RALEIGH, N.C. (AP) — Energy companies that want to build a natural gas pipeline through several North Carolina counties plan to hold public meetings on the project this week in the state.
The proposed Atlantic Coast Pipeline would run 550 miles from West Virginia and Virginia before ending in North Carolina's Robeson County.
A consortium of energy companies led by Dominion Resources Inc. is holding public meetings Tuesday in Fayetteville, Wednesday in Smithfield and Thursday in Jackson. Other meetings will be held in January in Virginia and West Virginia.
Dominion says the Federal Energy Regulatory Commission will also lead public meetings on the proposed pipeline before the commission receives a formal application for the project. The pipeline would need FERC approval to proceed.
A map of the proposed route shows that it would run through Northampton, Halifax, Nash, Wilson, Johnston, Sampson, Cumberland and Robeson counties, roughly parallel in many places to Interstate 95.
Dominion would own 45 percent of the joint venture behind the pipeline, while Duke Energy Corp. would own 40 percent and other partners would have smaller stakes.
Dominion says the pipeline will make it easier to deliver natural gas from shale basins in Pennsylvania, West Virginia and Ohio to growing markets in North Carolina and Virginia.
The company says construction of the pipeline will bring jobs to the state, and once it's in service by late 2018, it should alleviate spikes in gas prices that can happen during winter.
The project has faced opposition from some landowners in Virginia who have attempted to prevent the company from surveying on their land along the route.
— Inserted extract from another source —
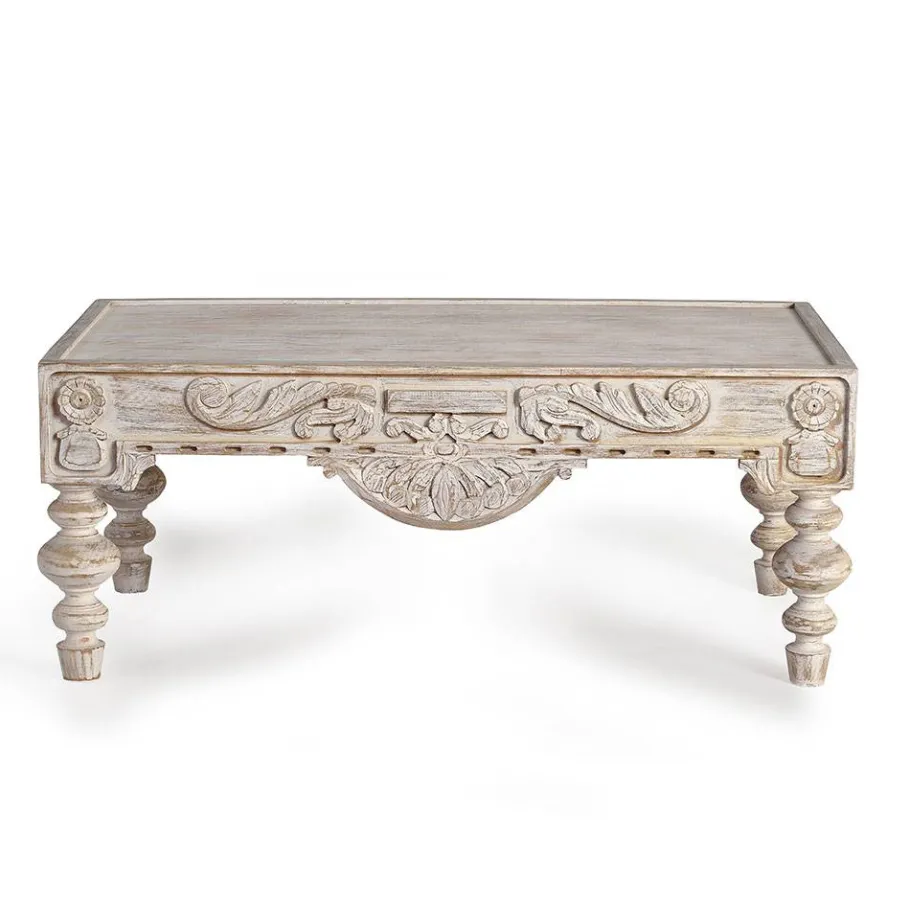 New Wohnen Vintage Wohnzimmertisch in Mangoholz White Wash - Lornas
The company has sought court orders against more than 40 landowners in two counties.
There appears to be less opposition by landowners in North Carolina. Dominion spokesman Jim Norvelle said in an email that 86 percent of the owners of 1,250 parcels along the route in North Carolina have already given the company permission to survey.
The company has filed legal action against three landowners in Cumberland County and two in Nash County "that have steadfastly refused to grant us permission to survey," Norvelle said. But the company doesn't expect that step to be necessary with any other landowners in the state.
The company says on its website that laws in all three states give it the right to survey private land, but that it "will continue to work with the landowner until an agreement is reached or a court order is obtained affirming Dominion's legal right to survey."
Once the route is finalized, Dominion will negotiate easement agreements that include compensation for landowners. The company says it reaches agreements in nearly all cases, but: "Eminent domain is an action of last resort."